In this notebook, we evaluate advanced models to improve upon the logistic regression baseline. We test Random Forest, Gradient Boosting, CatBoost, and LightGBM classifiers, using AUC-ROC as our evaluation metric.


## 2. Train and Evaluate Multiple Models

We train each model on the same train-test split and evaluate them using AUC-ROC. This allows for direct comparison of their performance.


In [14]:
# Import Libraries and Load Dataset
import pandas as pd
from src.utils import evaluate_model_on_dataset, evaluate_catboost_on_dataset, evaluate_lightgbm_on_dataset
from sklearn.ensemble import RandomForestClassifier, GradientBoostingClassifier

train_preprocessed_dataset = pd.read_csv("data/train_preprocessed.csv")

In [15]:
# Random Forest Classifier
model = RandomForestClassifier(n_estimators=100, random_state=42)
result_random_forest = evaluate_model_on_dataset(train_preprocessed_dataset, model)

In [16]:
# Gradient Boosting Classifier
model = GradientBoostingClassifier(n_estimators=100, random_state=42)
result_gradient_boosting = evaluate_model_on_dataset(train_preprocessed_dataset, model)

In [17]:
# CatBoost Classifier
categorical_cols = ['cb_person_default_on_file', 'person_home_ownership', 'loan_intent', 'loan_grade']
result_catboost = evaluate_catboost_on_dataset(train_preprocessed_dataset, target_col='loan_status', categorical_cols=categorical_cols)

In [18]:
# LightGBM Classifier
result_lightgbm = evaluate_lightgbm_on_dataset(train_preprocessed_dataset, target_col="loan_status")

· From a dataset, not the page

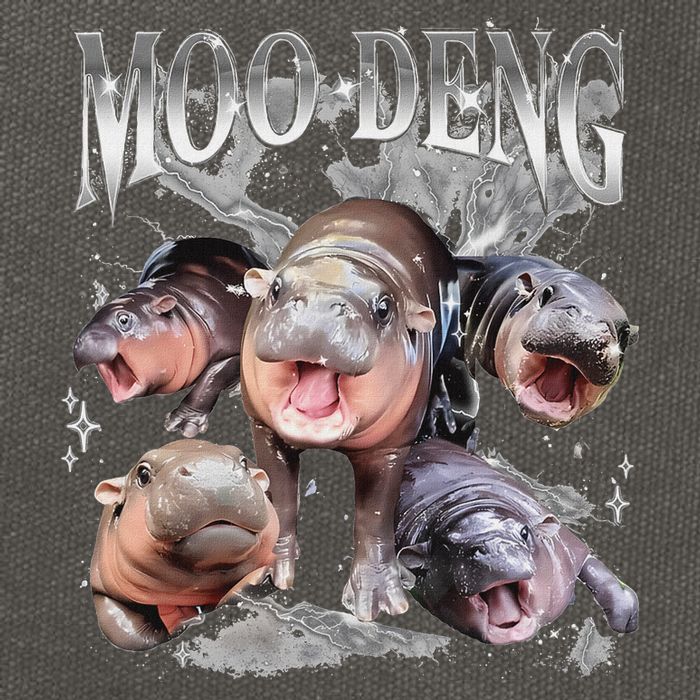 Funny Moo Deng Baby Pygmy Hippo Cute Zoo For Family Cotton Canvas Backpack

## 3. AUC Score Comparison

We compare AUC scores across all models tested.


In [19]:
# Create DataFrame For AUC Results
data = {
	'Model': ['CatBoost', 'Gradient Boosting', 'Random Forest', 'LightGBM'],
	'AUC': [result_catboost, result_gradient_boosting, result_random_forest, result_lightgbm]
}
df = pd.DataFrame(data)
df = df.sort_values(by='AUC', ascending=False)
df = df.reset_index(drop=True)
df.head()

Unnamed: 0,Model,AUC
0,LightGBM,0.955654
1,CatBoost,0.943104
2,Gradient Boosting,0.941029
3,Random Forest,0.93325


## 4. Interpretation and Insights

Among the models tested, **LightGBM** achieved the highest AUC of **~0.9557**, followed by **CatBoost (~0.9431)**, **Gradient Boosting (~0.9410)**, and **Random Forest (~0.9333)**.

Key insights:
- All advanced models outperformed the baseline logistic regression (AUC: 0.7814), indicating the value of tree-based ensembles for this classification problem.
- LightGBM offered the best performance overall, making it the top candidate for further tuning and interpretation.
- While Random Forest and Gradient Boosting also performed strongly, the efficiency and flexibility of LightGBM makes it preferable for final optimization.